Fair celebrates 25 years since WNC Air Museum took off

Back in the late 1980s, three aviators were working on a 1940s-era Stearman biplane when one of the trio, Ken Stubbs, had an idea: what if they created a museum for single-prop aircraft like the one they were restoring?

After setting up a corporation and securing tax-exempt status, the three men – Stubbs, Dennis Dunlap and Bill Schreier – started a membership drive and soon gained 100 members. They rented Hanger 61 at the Hendersonville Airport to store a few planes for public viewing, and the WNC Air Museum was born.

“That hanger's got a dirt floor in it, and I was remodeling First Citizens Bank at the time, so I tore out all the carpet and we carpeted the dirt floor,” recalled Dunlap, a local contractor and pilot. “We cleaned and blew the place out and then we'd open the thing up on Saturdays and Sundays for people to come and look through.”

That summer, the museum held its first Air Fair and Fly-In at the grass airstrip. For a small fee, any visitor could taxi off and tour the skies over Henderson County in a vintage aircraft donated by members. The money went toward a down payment on the museum's first hanger, located on adjacent Johnson's Airfield.

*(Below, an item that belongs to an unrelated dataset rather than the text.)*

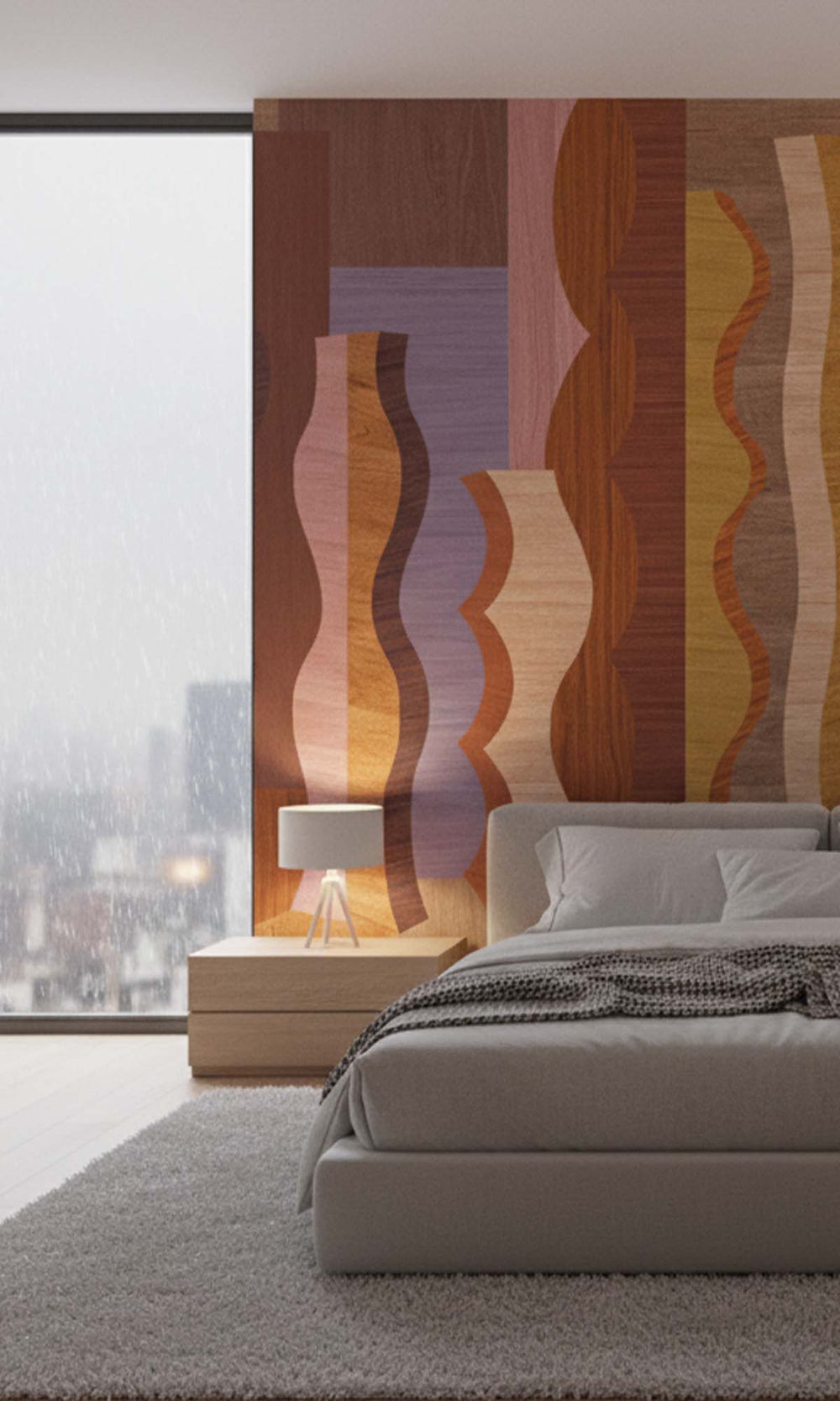 Geel Abstract Wood Grain Residential Mural RM9123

“And it kind of just grew from there,” Dunlap said.

Today, the museum has roughly 350 members, two hangers and a unique collection of 18 historic aircraft, mostly from the decades surrounding World War II. This weekend marked the 25th anniversary of the museum's fair, which now serves as its chief fundraiser and signature community event.

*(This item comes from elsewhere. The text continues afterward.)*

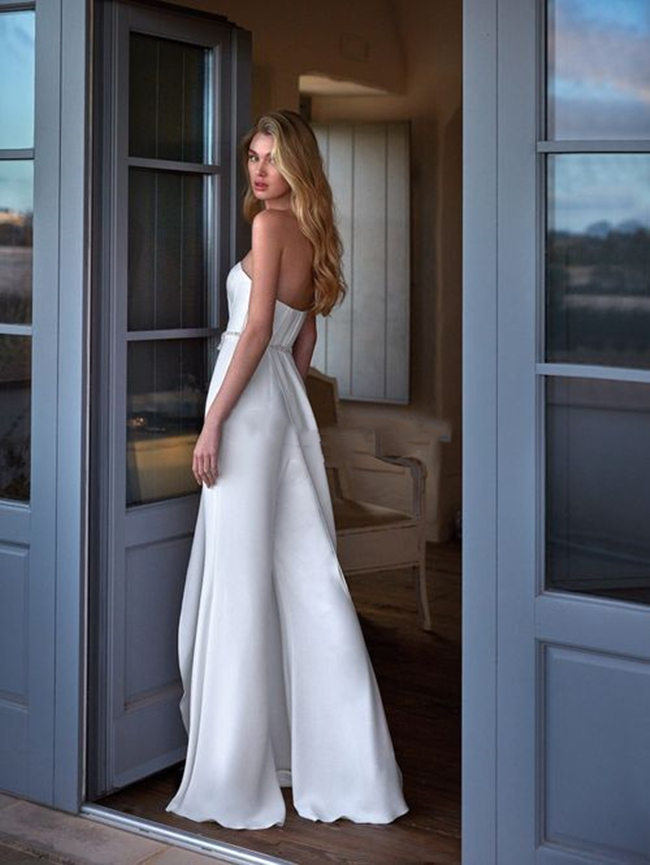 Chic Women White Jumpsuits Wedding Dress Flare Wide Pants Sweetheart Strapless Sleeveless Bridal Gowns Simple Country Elopement Bride Formal Wear With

On Sunday, Stubbs and Dunlap perched in plastic chairs in a hanger overlooking the grass airstrip where their brainchild first took flight. Another Stearman, one of six restored by Dunlap, took off and landed every 15 minutes, its open cockpit filled by pilot Greg Collins and a paying passenger.

Grinning from ear to ear, Bob Grazio of Greer, S.C. stepped out on the biplane's lower wing and down a stepladder Sunday, while his wife, Kathy, took photographs. Grazio was one of more than 100 fair visitors who took the opportunity to sightsee from the PT-17 this weekend.